Exercise directions: Transcribe exactly the lines that fall between the one holding "Image courtesy of Western Australia" and the one holding "Cocker Spaniel dogs", inclusive, from the entries below.

(Short web captions)

-----

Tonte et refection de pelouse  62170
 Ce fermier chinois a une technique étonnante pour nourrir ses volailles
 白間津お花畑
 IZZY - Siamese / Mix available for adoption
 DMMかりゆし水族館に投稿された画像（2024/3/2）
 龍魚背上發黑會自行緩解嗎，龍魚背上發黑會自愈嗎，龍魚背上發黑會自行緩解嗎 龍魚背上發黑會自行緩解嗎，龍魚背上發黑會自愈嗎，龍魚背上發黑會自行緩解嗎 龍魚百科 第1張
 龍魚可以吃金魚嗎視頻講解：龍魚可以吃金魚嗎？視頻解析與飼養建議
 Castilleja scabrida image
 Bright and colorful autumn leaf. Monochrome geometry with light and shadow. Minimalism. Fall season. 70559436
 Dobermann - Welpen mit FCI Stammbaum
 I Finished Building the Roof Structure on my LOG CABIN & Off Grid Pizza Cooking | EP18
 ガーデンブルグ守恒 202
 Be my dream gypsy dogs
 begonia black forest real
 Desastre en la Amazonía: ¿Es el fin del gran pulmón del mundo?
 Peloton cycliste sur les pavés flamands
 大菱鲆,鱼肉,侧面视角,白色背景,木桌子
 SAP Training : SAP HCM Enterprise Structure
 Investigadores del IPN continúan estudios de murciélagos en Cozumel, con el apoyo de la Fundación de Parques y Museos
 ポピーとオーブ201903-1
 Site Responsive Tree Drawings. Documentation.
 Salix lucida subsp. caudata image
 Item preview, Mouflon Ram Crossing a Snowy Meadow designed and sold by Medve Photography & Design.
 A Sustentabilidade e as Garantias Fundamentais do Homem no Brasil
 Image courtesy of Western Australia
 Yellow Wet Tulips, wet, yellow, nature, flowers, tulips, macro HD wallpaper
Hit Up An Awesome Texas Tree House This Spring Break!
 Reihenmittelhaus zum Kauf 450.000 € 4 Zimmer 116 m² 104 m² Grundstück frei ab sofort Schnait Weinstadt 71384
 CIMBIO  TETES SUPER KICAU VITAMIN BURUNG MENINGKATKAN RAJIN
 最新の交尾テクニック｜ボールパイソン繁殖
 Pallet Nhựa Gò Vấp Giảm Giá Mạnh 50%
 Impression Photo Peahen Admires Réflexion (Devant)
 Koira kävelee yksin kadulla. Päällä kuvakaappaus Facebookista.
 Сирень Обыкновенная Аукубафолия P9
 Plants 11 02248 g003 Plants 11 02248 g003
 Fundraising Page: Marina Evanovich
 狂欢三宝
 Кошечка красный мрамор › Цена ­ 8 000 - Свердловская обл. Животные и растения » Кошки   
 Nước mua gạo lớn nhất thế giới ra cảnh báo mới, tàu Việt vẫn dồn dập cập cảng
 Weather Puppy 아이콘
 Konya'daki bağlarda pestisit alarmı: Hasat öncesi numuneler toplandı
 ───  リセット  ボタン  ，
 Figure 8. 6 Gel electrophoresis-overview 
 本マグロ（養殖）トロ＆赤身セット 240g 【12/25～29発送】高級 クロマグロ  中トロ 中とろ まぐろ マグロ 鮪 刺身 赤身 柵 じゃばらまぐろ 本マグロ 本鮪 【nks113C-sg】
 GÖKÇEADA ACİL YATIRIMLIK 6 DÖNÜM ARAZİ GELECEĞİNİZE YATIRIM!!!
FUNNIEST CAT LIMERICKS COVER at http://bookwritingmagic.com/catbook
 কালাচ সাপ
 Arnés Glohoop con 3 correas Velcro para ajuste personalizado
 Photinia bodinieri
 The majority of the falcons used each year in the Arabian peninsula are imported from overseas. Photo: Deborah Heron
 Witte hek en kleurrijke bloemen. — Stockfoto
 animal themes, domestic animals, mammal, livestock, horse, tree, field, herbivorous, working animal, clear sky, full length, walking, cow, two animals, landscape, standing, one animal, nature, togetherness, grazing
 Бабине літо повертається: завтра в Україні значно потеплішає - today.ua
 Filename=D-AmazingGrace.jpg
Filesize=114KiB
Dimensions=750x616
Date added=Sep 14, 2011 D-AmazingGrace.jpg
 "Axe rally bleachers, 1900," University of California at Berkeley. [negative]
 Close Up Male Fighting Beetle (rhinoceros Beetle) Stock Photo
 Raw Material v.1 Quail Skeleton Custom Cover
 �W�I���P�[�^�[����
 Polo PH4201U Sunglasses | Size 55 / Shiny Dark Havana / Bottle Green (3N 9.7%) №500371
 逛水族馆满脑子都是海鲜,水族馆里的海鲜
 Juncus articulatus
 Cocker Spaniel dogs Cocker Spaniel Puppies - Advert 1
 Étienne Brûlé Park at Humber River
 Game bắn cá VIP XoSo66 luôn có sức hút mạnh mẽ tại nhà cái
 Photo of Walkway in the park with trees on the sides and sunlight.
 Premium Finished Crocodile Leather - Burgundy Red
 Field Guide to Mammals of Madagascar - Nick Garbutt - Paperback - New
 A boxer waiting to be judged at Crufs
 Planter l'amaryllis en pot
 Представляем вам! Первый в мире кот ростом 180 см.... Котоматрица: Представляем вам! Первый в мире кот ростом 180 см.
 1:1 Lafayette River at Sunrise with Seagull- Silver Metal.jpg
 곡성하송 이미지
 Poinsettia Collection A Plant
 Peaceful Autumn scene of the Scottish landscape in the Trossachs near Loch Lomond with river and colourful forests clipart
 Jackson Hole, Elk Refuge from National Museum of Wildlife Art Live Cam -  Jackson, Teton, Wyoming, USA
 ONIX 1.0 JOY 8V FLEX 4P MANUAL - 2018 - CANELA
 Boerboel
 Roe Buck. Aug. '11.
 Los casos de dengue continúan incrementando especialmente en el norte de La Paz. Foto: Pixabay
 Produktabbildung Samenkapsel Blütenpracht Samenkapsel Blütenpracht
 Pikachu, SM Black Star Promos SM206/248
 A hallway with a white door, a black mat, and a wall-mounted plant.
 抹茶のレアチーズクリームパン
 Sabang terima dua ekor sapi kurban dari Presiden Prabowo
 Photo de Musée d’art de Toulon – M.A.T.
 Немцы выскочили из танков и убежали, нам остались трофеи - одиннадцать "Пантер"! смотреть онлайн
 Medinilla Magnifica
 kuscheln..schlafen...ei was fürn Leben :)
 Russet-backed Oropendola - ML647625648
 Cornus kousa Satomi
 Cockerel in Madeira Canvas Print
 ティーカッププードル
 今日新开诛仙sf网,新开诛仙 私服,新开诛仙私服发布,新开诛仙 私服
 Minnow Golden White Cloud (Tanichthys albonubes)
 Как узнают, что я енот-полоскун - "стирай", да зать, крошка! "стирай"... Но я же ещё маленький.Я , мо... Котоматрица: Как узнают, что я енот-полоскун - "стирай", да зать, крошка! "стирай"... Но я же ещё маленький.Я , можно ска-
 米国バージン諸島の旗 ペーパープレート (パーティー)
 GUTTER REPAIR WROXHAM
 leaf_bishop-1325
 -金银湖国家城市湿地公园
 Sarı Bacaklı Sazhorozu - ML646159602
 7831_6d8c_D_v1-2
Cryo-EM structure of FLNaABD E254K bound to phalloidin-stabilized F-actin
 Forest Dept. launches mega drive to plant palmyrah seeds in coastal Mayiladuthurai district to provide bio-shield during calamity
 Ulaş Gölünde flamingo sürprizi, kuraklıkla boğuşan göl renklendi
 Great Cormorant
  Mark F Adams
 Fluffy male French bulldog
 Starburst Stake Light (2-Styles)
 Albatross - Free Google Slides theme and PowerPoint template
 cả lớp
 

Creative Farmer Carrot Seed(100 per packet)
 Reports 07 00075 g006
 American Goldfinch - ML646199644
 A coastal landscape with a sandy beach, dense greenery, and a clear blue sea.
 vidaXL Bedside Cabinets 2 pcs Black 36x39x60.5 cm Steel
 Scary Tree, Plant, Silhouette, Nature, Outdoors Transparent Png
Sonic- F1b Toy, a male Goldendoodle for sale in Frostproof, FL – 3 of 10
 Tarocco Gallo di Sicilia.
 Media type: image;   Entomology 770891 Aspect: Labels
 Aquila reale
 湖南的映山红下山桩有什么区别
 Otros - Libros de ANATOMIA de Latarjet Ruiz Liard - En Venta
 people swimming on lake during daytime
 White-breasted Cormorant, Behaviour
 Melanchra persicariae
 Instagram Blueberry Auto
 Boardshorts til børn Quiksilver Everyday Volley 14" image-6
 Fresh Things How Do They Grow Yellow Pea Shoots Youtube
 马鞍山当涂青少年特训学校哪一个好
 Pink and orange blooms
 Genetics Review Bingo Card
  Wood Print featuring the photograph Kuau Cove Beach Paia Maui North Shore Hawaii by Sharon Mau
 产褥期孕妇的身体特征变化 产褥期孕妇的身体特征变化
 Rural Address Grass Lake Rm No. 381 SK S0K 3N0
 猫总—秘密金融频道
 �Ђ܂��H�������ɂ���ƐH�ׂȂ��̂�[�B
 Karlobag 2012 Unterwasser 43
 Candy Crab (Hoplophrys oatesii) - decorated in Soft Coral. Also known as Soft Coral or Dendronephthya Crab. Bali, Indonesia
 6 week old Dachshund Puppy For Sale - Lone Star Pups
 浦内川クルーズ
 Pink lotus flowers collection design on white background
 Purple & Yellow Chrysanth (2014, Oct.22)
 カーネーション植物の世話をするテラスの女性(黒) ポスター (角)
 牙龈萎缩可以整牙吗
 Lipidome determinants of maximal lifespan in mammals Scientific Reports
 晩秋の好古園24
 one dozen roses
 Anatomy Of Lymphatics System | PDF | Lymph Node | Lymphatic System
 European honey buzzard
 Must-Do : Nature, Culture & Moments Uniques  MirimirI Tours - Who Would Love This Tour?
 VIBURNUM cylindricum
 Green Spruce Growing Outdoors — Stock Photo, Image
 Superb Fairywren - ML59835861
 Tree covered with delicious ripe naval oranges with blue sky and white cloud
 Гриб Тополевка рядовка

-----

Response below:
 Image courtesy of Western Australia
 Yellow Wet Tulips, wet, yellow, nature, flowers, tulips, macro HD wallpaper
Hit Up An Awesome Texas Tree House This Spring Break!
 Reihenmittelhaus zum Kauf 450.000 € 4 Zimmer 116 m² 104 m² Grundstück frei ab sofort Schnait Weinstadt 71384
 CIMBIO  TETES SUPER KICAU VITAMIN BURUNG MENINGKATKAN RAJIN
 最新の交尾テクニック｜ボールパイソン繁殖
 Pallet Nhựa Gò Vấp Giảm Giá Mạnh 50%
 Impression Photo Peahen Admires Réflexion (Devant)
 Koira kävelee yksin kadulla. Päällä kuvakaappaus Facebookista.
 Сирень Обыкновенная Аукубафолия P9
 Plants 11 02248 g003 Plants 11 02248 g003
 Fundraising Page: Marina Evanovich
 狂欢三宝
 Кошечка красный мрамор › Цена ­ 8 000 - Свердловская обл. Животные и растения » Кошки   
 Nước mua gạo lớn nhất thế giới ra cảnh báo mới, tàu Việt vẫn dồn dập cập cảng
 Weather Puppy 아이콘
 Konya'daki bağlarda pestisit alarmı: Hasat öncesi numuneler toplandı
 ───  リセット  ボタン  ，
 Figure 8. 6 Gel electrophoresis-overview 
 本マグロ（養殖）トロ＆赤身セット 240g 【12/25～29発送】高級 クロマグロ  中トロ 中とろ まぐろ マグロ 鮪 刺身 赤身 柵 じゃばらまぐろ 本マグロ 本鮪 【nks113C-sg】
 GÖKÇEADA ACİL YATIRIMLIK 6 DÖNÜM ARAZİ GELECEĞİNİZE YATIRIM!!!
FUNNIEST CAT LIMERICKS COVER at http://bookwritingmagic.com/catbook
 কালাচ সাপ
 Arnés Glohoop con 3 correas Velcro para ajuste personalizado
 Photinia bodinieri
 The majority of the falcons used each year in the Arabian peninsula are imported from overseas. Photo: Deborah Heron
 Witte hek en kleurrijke bloemen. — Stockfoto
 animal themes, domestic animals, mammal, livestock, horse, tree, field, herbivorous, working animal, clear sky, full length, walking, cow, two animals, landscape, standing, one animal, nature, togetherness, grazing
 Бабине літо повертається: завтра в Україні значно потеплішає - today.ua
 Filename=D-AmazingGrace.jpg
Filesize=114KiB
Dimensions=750x616
Date added=Sep 14, 2011 D-AmazingGrace.jpg
 "Axe rally bleachers, 1900," University of California at Berkeley. [negative]
 Close Up Male Fighting Beetle (rhinoceros Beetle) Stock Photo
 Raw Material v.1 Quail Skeleton Custom Cover
 �W�I���P�[�^�[����
 Polo PH4201U Sunglasses | Size 55 / Shiny Dark Havana / Bottle Green (3N 9.7%) №500371
 逛水族馆满脑子都是海鲜,水族馆里的海鲜
 Juncus articulatus
 Cocker Spaniel dogs Cocker Spaniel Puppies - Advert 1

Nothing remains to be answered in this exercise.